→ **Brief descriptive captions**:
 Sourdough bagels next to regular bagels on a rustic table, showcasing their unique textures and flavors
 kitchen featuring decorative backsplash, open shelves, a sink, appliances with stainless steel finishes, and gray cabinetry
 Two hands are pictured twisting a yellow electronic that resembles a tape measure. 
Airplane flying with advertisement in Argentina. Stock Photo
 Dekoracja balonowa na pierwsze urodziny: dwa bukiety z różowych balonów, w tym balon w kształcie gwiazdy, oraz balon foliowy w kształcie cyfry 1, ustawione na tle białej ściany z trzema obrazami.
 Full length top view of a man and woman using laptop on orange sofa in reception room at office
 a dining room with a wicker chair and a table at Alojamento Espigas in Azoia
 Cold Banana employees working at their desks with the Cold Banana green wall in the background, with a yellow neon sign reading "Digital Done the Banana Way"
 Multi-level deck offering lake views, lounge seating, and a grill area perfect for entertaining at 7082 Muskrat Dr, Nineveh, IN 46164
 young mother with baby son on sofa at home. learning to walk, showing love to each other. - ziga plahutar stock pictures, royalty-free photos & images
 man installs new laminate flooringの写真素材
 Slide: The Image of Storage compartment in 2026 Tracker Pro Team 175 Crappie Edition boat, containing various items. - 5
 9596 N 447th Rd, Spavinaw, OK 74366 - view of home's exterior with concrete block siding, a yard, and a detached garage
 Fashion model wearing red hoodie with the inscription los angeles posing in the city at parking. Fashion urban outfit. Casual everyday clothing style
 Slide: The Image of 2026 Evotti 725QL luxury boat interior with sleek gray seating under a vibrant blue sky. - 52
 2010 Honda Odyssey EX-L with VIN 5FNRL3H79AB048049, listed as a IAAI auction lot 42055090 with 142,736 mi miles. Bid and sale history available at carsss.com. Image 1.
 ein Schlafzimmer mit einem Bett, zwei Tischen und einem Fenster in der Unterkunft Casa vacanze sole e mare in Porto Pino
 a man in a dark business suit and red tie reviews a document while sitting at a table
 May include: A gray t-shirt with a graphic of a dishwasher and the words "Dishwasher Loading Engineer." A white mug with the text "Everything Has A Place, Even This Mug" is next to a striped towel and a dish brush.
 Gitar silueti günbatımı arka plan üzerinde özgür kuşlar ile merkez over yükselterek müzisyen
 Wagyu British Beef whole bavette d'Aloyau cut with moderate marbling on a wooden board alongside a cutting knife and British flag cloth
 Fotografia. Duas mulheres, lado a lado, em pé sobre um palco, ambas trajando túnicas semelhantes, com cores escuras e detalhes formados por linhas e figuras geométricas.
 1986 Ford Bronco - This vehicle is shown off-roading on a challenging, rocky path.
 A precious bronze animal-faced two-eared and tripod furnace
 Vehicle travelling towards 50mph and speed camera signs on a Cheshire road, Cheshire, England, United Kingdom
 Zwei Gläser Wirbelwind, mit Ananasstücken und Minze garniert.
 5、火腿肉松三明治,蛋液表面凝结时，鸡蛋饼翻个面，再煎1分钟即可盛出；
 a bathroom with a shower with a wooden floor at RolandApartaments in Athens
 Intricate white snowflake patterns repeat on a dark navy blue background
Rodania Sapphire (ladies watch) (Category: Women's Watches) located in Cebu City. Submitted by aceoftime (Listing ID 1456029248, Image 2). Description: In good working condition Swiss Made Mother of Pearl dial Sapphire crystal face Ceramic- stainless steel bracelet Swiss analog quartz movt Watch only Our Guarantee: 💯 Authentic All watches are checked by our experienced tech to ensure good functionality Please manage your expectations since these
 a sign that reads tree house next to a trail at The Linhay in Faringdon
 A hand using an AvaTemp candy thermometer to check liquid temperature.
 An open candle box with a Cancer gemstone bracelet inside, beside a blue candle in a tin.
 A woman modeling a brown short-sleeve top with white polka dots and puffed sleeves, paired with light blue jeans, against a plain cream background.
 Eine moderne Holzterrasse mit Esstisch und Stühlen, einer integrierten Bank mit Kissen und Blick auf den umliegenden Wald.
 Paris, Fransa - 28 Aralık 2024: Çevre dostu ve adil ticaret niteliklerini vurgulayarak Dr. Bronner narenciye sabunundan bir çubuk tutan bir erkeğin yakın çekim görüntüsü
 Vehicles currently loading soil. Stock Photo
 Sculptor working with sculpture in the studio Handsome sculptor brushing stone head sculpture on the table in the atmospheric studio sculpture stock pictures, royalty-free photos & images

→ **WHAT YOU NEED TO DO**: The answer must be a verbatim transcription of all the entries.

→ **TASK ANSWER**:
 Sourdough bagels next to regular bagels on a rustic table, showcasing their unique textures and flavors
 kitchen featuring decorative backsplash, open shelves, a sink, appliances with stainless steel finishes, and gray cabinetry
 Two hands are pictured twisting a yellow electronic that resembles a tape measure. 
Airplane flying with advertisement in Argentina. Stock Photo
 Dekoracja balonowa na pierwsze urodziny: dwa bukiety z różowych balonów, w tym balon w kształcie gwiazdy, oraz balon foliowy w kształcie cyfry 1, ustawione na tle białej ściany z trzema obrazami.
 Full length top view of a man and woman using laptop on orange sofa in reception room at office
 a dining room with a wicker chair and a table at Alojamento Espigas in Azoia
 Cold Banana employees working at their desks with the Cold Banana green wall in the background, with a yellow neon sign reading "Digital Done the Banana Way"
 Multi-level deck offering lake views, lounge seating, and a grill area perfect for entertaining at 7082 Muskrat Dr, Nineveh, IN 46164
 young mother with baby son on sofa at home. learning to walk, showing love to each other. - ziga plahutar stock pictures, royalty-free photos & images
 man installs new laminate flooringの写真素材
 Slide: The Image of Storage compartment in 2026 Tracker Pro Team 175 Crappie Edition boat, containing various items. - 5
 9596 N 447th Rd, Spavinaw, OK 74366 - view of home's exterior with concrete block siding, a yard, and a detached garage
 Fashion model wearing red hoodie with the inscription los angeles posing in the city at parking. Fashion urban outfit. Casual everyday clothing style
 Slide: The Image of 2026 Evotti 725QL luxury boat interior with sleek gray seating under a vibrant blue sky. - 52
 2010 Honda Odyssey EX-L with VIN 5FNRL3H79AB048049, listed as a IAAI auction lot 42055090 with 142,736 mi miles. Bid and sale history available at carsss.com. Image 1.
 ein Schlafzimmer mit einem Bett, zwei Tischen und einem Fenster in der Unterkunft Casa vacanze sole e mare in Porto Pino
 a man in a dark business suit and red tie reviews a document while sitting at a table
 May include: A gray t-shirt with a graphic of a dishwasher and the words "Dishwasher Loading Engineer." A white mug with the text "Everything Has A Place, Even This Mug" is next to a striped towel and a dish brush.
 Gitar silueti günbatımı arka plan üzerinde özgür kuşlar ile merkez over yükselterek müzisyen
 Wagyu British Beef whole bavette d'Aloyau cut with moderate marbling on a wooden board alongside a cutting knife and British flag cloth
 Fotografia. Duas mulheres, lado a lado, em pé sobre um palco, ambas trajando túnicas semelhantes, com cores escuras e detalhes formados por linhas e figuras geométricas.
 1986 Ford Bronco - This vehicle is shown off-roading on a challenging, rocky path.
 A precious bronze animal-faced two-eared and tripod furnace
 Vehicle travelling towards 50mph and speed camera signs on a Cheshire road, Cheshire, England, United Kingdom
 Zwei Gläser Wirbelwind, mit Ananasstücken und Minze garniert.
 5、火腿肉松三明治,蛋液表面凝结时，鸡蛋饼翻个面，再煎1分钟即可盛出；
 a bathroom with a shower with a wooden floor at RolandApartaments in Athens
 Intricate white snowflake patterns repeat on a dark navy blue background
Rodania Sapphire (ladies watch) (Category: Women's Watches) located in Cebu City. Submitted by aceoftime (Listing ID 1456029248, Image 2). Description: In good working condition Swiss Made Mother of Pearl dial Sapphire crystal face Ceramic- stainless steel bracelet Swiss analog quartz movt Watch only Our Guarantee: 💯 Authentic All watches are checked by our experienced tech to ensure good functionality Please manage your expectations since these
 a sign that reads tree house next to a trail at The Linhay in Faringdon
 A hand using an AvaTemp candy thermometer to check liquid temperature.
 An open candle box with a Cancer gemstone bracelet inside, beside a blue candle in a tin.
 A woman modeling a brown short-sleeve top with white polka dots and puffed sleeves, paired with light blue jeans, against a plain cream background.
 Eine moderne Holzterrasse mit Esstisch und Stühlen, einer integrierten Bank mit Kissen und Blick auf den umliegenden Wald.
 Paris, Fransa - 28 Aralık 2024: Çevre dostu ve adil ticaret niteliklerini vurgulayarak Dr. Bronner narenciye sabunundan bir çubuk tutan bir erkeğin yakın çekim görüntüsü
 Vehicles currently loading soil. Stock Photo
 Sculptor working with sculpture in the studio Handsome sculptor brushing stone head sculpture on the table in the atmospheric studio sculpture stock pictures, royalty-free photos & images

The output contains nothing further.